The "Mylor" play is a long text of forty-one speeches, written semi-literately with dialect spellings. In essence, it is a standard Hero/Combat play, with Saint George and the Turkish Knight, although it is padded out with various large additions, two of which are from known literary and ballad sources. The script names five actors and, as the play has fifteen characters, they obviously doubled-up parts. In fact, the distribution was remarkably equal, with each actor playing exactly three different characters--even the actor with only ten lines in total.
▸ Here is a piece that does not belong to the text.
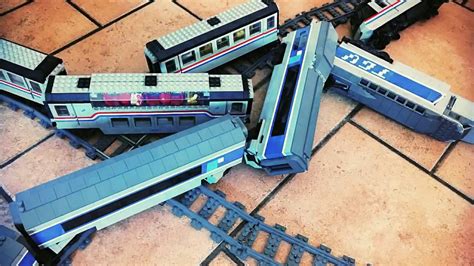 LEGO high speed train crash 10001 Metroliner and TGV model - YouTube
The text is well known to traditional drama research, having appeared in print three times. The manuscript was first published by Thurstan Peter as a literal transcript in Notes and Queries in 1916. Regarding its provenance, he states:

   I have in my note-book ... a curious and interesting copy made by me
   from a MS. used by some Cornish performers in the latter half of the
   last century. The players of this Cornish version--which I
   subjoin--went from house to house and performed in the open,
   borrowing a mat "for the Turkish Knight to die on" if the ground
   were damp.

   The libretto is from a MS. in the possession of John D. Enys (1905),
   who got it from Mylor. The original is written by a very illiterate
   man; but I have followed it closely for fear of wrong conjecture.
   For the same reason I have kept the lines of the original (Peter
   1916, 330; original emphasis).

The Royal Institution of Cornwall now holds the relevant notebook. Peter's transcript appears in his Notebook no. 2 (Peter 1905), but the only accompanying notes comprise the second paragraph quoted.
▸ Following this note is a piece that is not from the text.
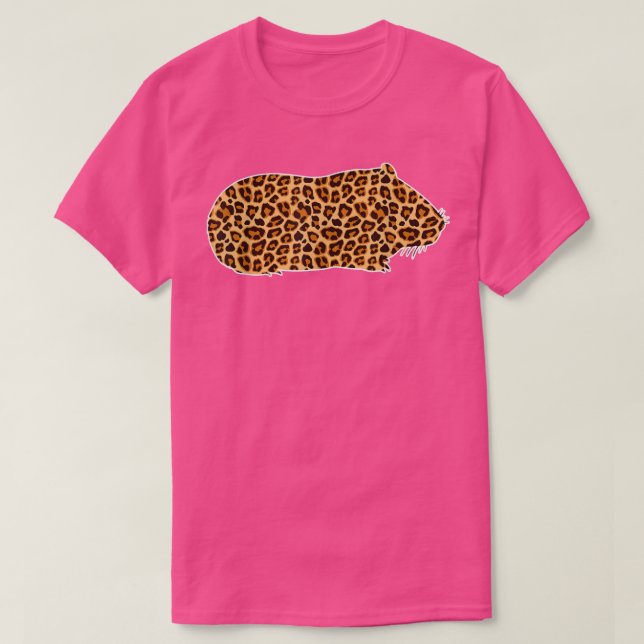 Camiseta Porco-Pato-Pinto-Pé-Pet-Impressão-Leopardo-Gir (Frente do Design)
It is from Peter's statements that the place and date of performance have been taken. However, Peter also referred to the play in his earlier book The Old Cornish Drama (Peter 1906). He highlighted the mixed historical subject matter of the play--mentioning "the incident of Henry V and the tennis balls" and the seizure of Quebec--and quoted one short passage. He gave the anecdote about borrowing mats, as follows:

   "A friend tells me that he well recollects as a child that the
   performers borrowed mats on which to die!" (Peter 1906, 47).

It seems likely that the friend was J. D. Enys, and therefore that this anecdote came from his personal memories of the 1840s or 1850s at Enys, Penryn (SW7936), which is adjacent to Mylor [2].
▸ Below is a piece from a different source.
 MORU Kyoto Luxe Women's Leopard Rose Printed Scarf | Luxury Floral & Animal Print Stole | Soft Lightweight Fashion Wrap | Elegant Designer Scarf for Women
Also in 1906, the text was the subject of a query from "Ygrec" in Notes and Queries (Ygrec 1906). This item does not add anything to the provenance of the script. Rather, it requests the identity of a quoted extract, which we now know to be the ballad King Henry Fifth's Conquest of France (c. 1730). The real identity of "Ygrec" was presumably Thurstan Peter.

Peter's notebook contains two loose items (one letter and one postcard) from R. J. E. Tiddy of Trinity College, Oxford. It would appear that Peter had lent him his notebook. In his letter dated 26 April 1914, Tiddy comments:

   I will copy it as soon as I can and return the book to you. Mylor is
   a few miles from St Just where my father's family comes from so I am
   particularly pleased to have this play ... (Peter 1905, loose letter
   dated 26 April 1914)

On 2 May 1914, Tiddy sent Peter the postcard:

   I return your Notebook with very many thanks. The Mylor play is
   quite the most interesting I have come across, and I wish I had time
   to set to work on it at once. I am extremely glad that you copied it
   literatim.

   I have no doubt that you can decipher it a good deal better than I
   could, but in the long vacation I shall attempt to "restore" the
   text and will, if I may, send my attempt to you for comment, though
   I do not of course wish to trespass on your time. I expect you have
   already recognised the Ballad fragment in it, but in case you have
   not identified it, it is in Child's English and Scottish Popular
   Ballads (Nutt 1906) no. 164 "King Henry Fifth's Conquest of France."
   I must try collecting in Cornwall and if I do get enough
   specifically Cornish material I will remember your kind suggestion
   about the Royal Institution. Yours very truly R. J. E. Tiddy.